Now that this is all done, we can start training our machine learning model. We use a LightGBM, which is a gradient boosting framework that uses tree-based learning algorithms. According to the developers, it is designed to be distributed and efficient with the following advantages:

* Faster training speed and higher efficiency.
* Lower memory usage.
* Better accuracy.
* Support for parallel and GPU learning.
* Capable of handling large-scale data.

A basic LightGBM model can be trained in the same way as you fit a scikit-learn machine learning model. We start with 200 estimators, max depth of 50 with 900 leaves.

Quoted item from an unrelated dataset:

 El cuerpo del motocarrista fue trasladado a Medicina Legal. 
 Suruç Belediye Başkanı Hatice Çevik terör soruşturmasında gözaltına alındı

This model only takes about a minute to train.

In [7]:
%%time
import lightgbm as lgb
model = lgb.LGBMClassifier(random_state=1, n_estimators=200, max_depth=50, num_leaves=900)
model.fit(X_train, y_train)
preds = model.predict(X_valid)

CPU times: user 3min 7s, sys: 2.76 s, total: 3min 10s
Wall time: 51.2 s


## Evaluating the model

To evaluate the performance of our model, we use the **micro averaged f1 score**, the same as in the contest. Our model gives us an f1-micro averaged score of **0.7422**, which is quite good. Especially when you keep in mind that we did so little processing and feature engineering.

In [8]:
from sklearn.metrics import f1_score

score_model = f1_score(y_valid, preds, average='micro')
round(score_model, 4)

0.7422

The model does outperform the naive majority class which gets a micro f1-score of **0.5689**.

In [9]:
naive_pred = np.zeros((len(y_valid))) + 2
score_naive = f1_score(y_valid, naive_pred, average='micro')
round(score_naive, 4)

0.5689

## Training the full model and predicting on test data

We can now train on the full dataset, which also lets us train on the validation set. After this, we can make predictions on the test dataset.

In [10]:
%%time
model.fit(X, y)
test_preds = model.predict(test_enc)

CPU times: user 3min 45s, sys: 3.1 s, total: 3min 48s
Wall time: 1min 1s


We store the test dataset predictions in the damage_grade columns of the sample submission file and save it as a CSV.

In [11]:
sample_sub['damage_grade'] = test_preds
sample_sub.to_csv("prediction.csv", index=None)

## Conclusion

After submitting to the competition, we a score of **0.7446**. As of 2020-03-18, this ranks us in the top **6-7%** of the leaderboard. This post demonstrated that we can achieve quite good performing models with almost no preprocessing, by leveraging the power of the LightGBM machine learning framework.